WASHINGTON (Reuters) – U.S. Special Counsel Robert Mueller will provide new details on Friday on how two of President Donald Trump’s closest former aides have helped or hindered his investigation into possible collusion between Russia and Trump’s 2016 election campaign.
FILE PHOTO: Special Counsel Robert Mueller departs after briefing the U.S. House Intelligence Committee on his investigation of potential collusion between Russia and the Trump campaign on Capitol Hill in Washington, U.S., June 20, 2017. REUTERS/Aaron P. Bernstein
Mueller last month accused Trump’s former campaign chairman Paul Manafort of breaching a plea bargain deal by lying to prosecutors, and he will submit information on those alleged lies in a filing to a federal court in Washington.
That could include shedding new light on Manafort’s business dealings or his consulting for pro-Kremlin interests in Ukraine.

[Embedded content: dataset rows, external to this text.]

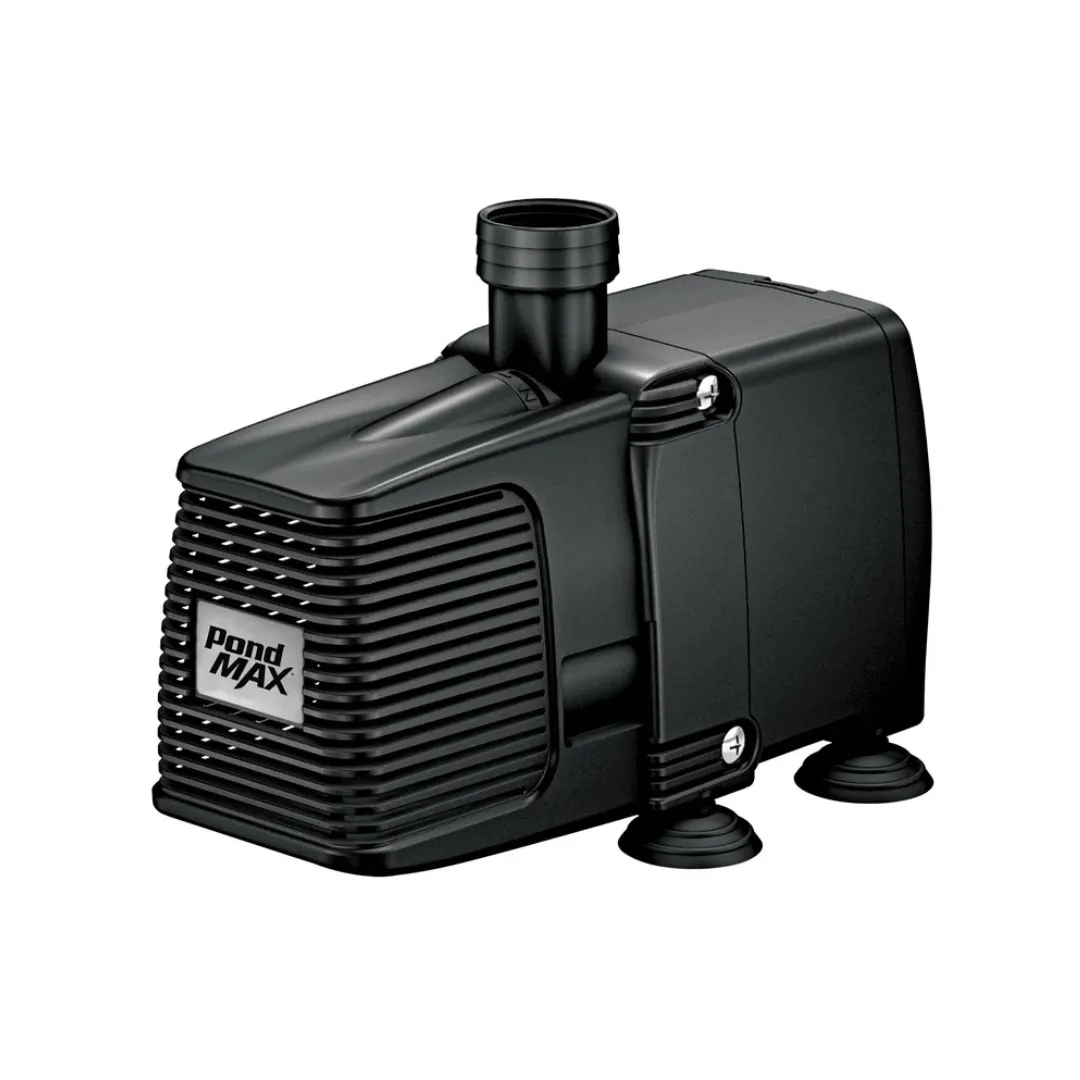 PondMax i2000 32W Compact Water Feature Pump with Built-In Flow Control (Max 38LPM)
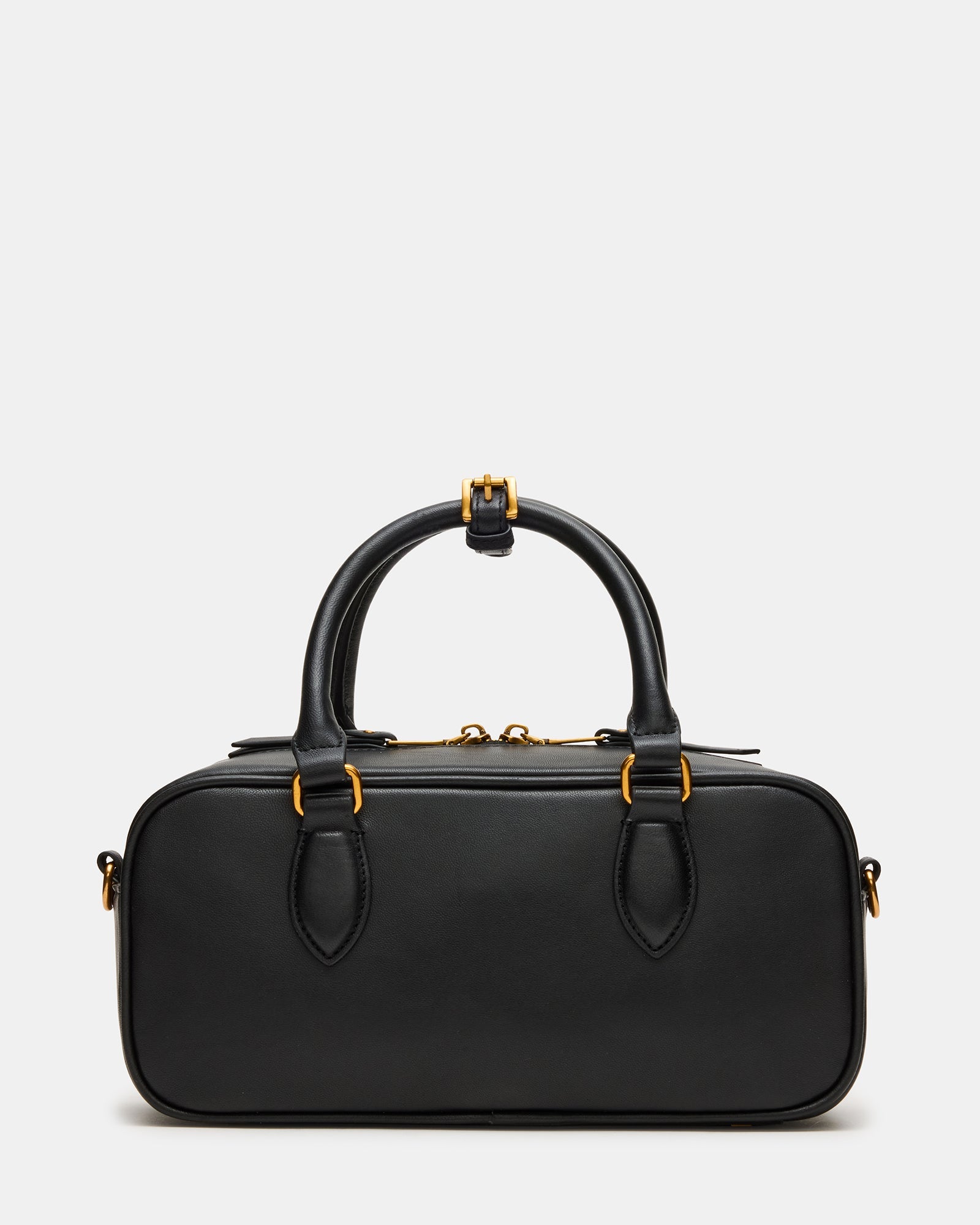 MERIT BAG BLACK LEATHER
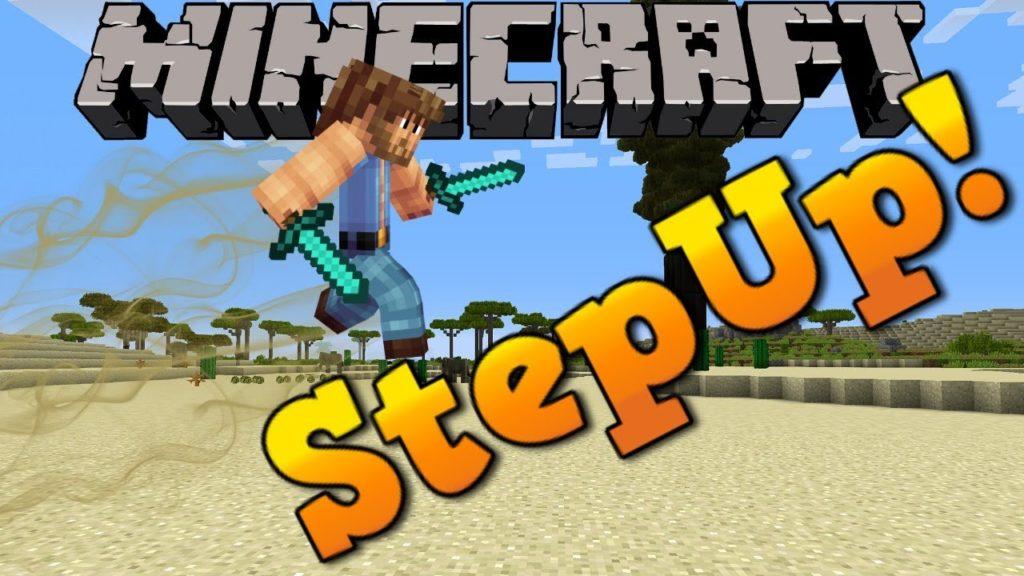 Мод StepUp для minecraft 1.15.2, 1.14.4, 1.12.2, 1.7.10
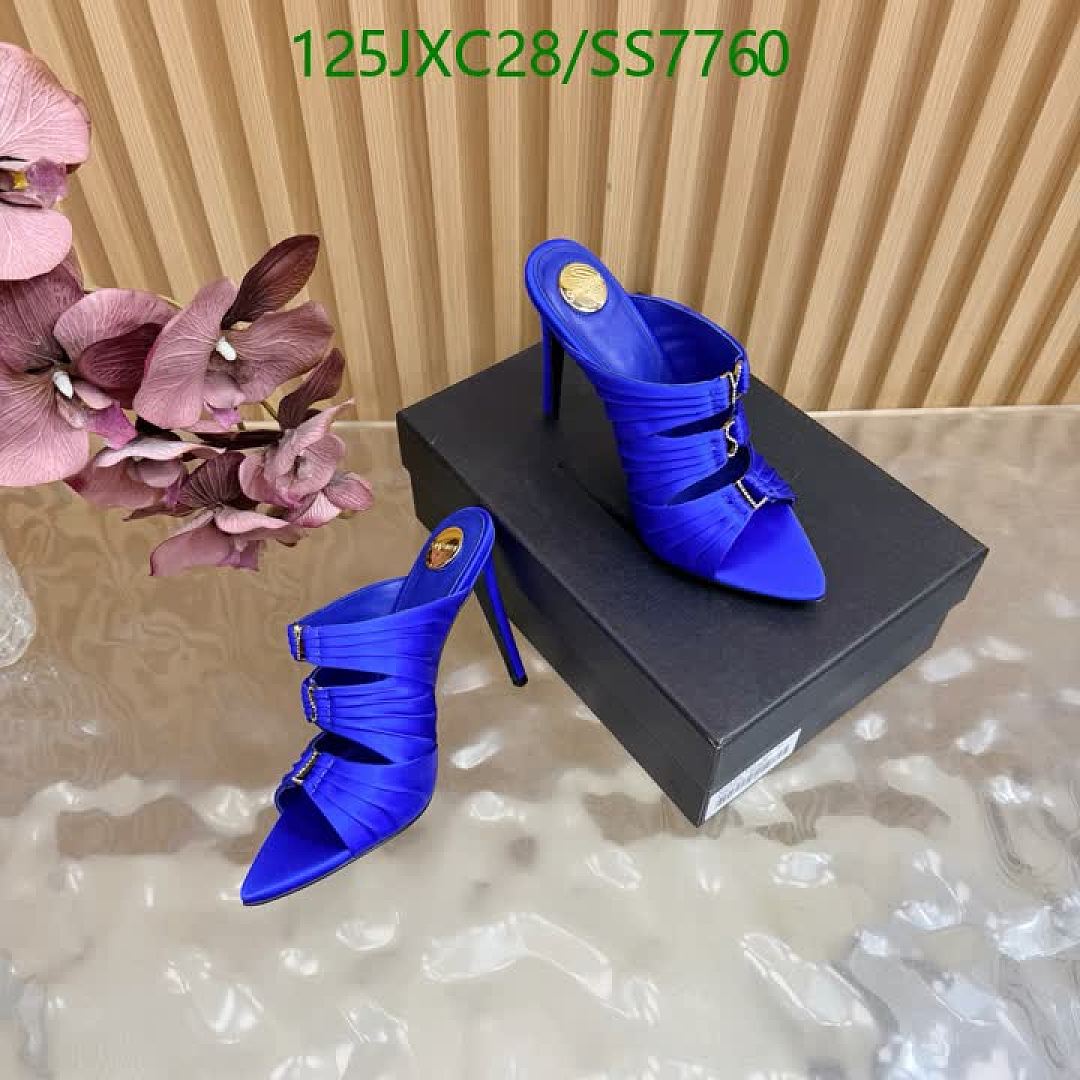 YSL-Women Shoes Code: SS7760 $: 125USD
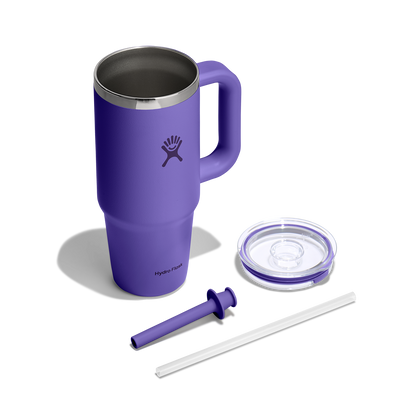 24oz (709mL) Travel Tumbler Clear Lid - Utopia Purple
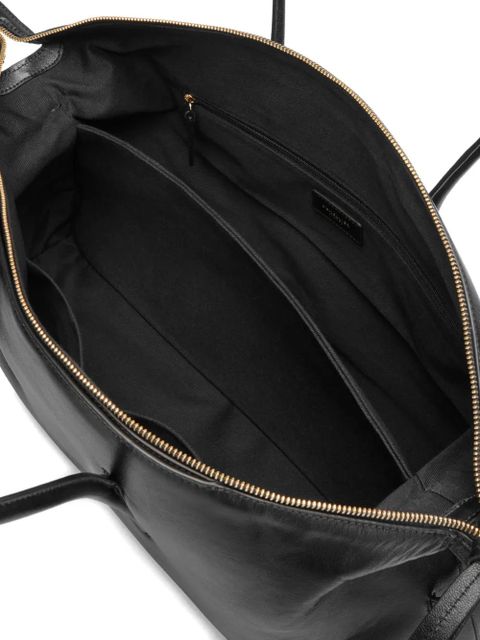 DeMellier The Stockholm smooth leather shoulder bag - Black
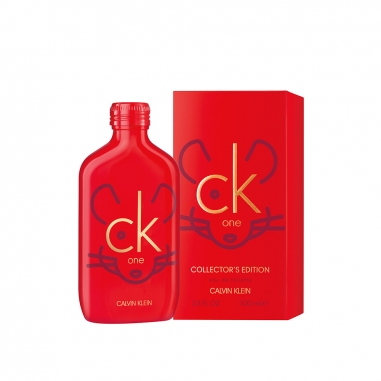 Calvin Klein凱文克萊(香水) 《新年限定》ck one 中性淡香水 鼠年限量版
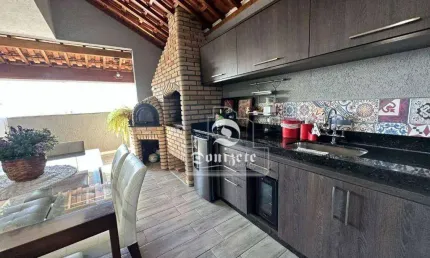 Cobertura à venda, 160 m² por R$ 798.000,00 - Vila Marina - Santo André/SP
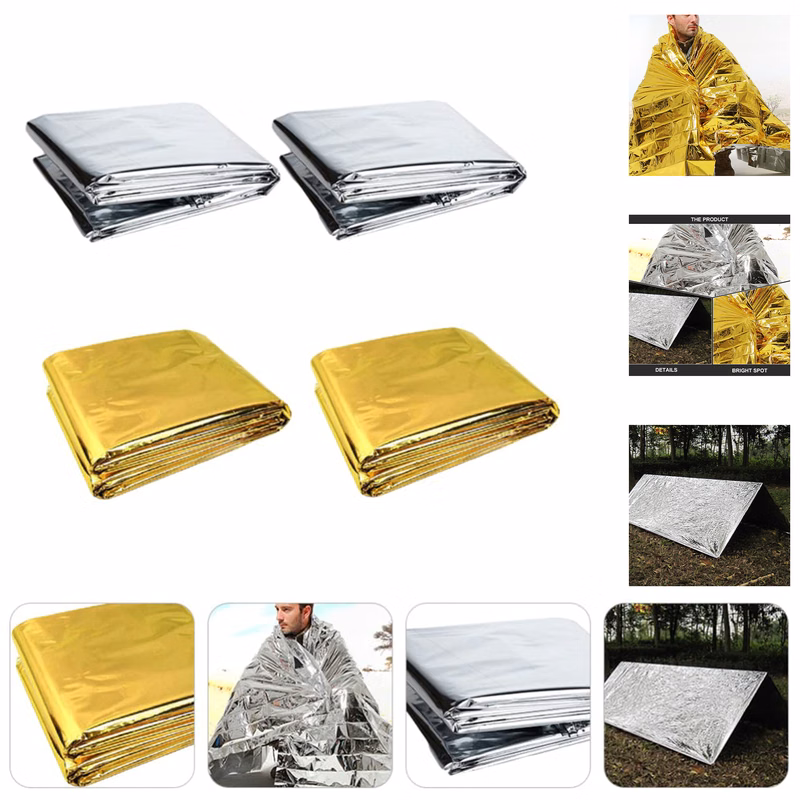 4 pcs Camping Tent Outdoor Blanket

Manafort, who maintains he has been truthful with Mueller, managed Trump’s campaign for three months in 2016.
Also on Friday, Mueller’s office and the Southern District of New York are to file sentencing memos on Michael Cohen, Trump’s former private lawyer.
Cohen pleaded guilty to financial crimes in a New York court in August, and last week to lying to Congress in a Mueller case. Sentencing for both of those cases will be handled by one judge.
Attention will focus on whether Mueller discloses new information to supplement Cohen’s admission last week that he sought help from the Kremlin for a Trump skyscraper in Moscow late into the 2016 campaign.
Mueller’s probe has infuriated Trump. He denies any collusion between his team and Russia, and accuses Mueller’s prosecutors of pressuring his former aides to lie about him, his election campaign and his business dealings.
The president has called Cohen a liar and “weak person.”
Renato Mariotti, a former federal prosecutor, said he was eager to see if Mueller’s prosecutors directly or tacitly support Cohen’s assertions that Trump directed him to make hush payments to women in violation of campaign finance law and that he let the White House know what he planned to tell Congress about the Moscow skyscraper project. Cohen now says he lied in that testimony.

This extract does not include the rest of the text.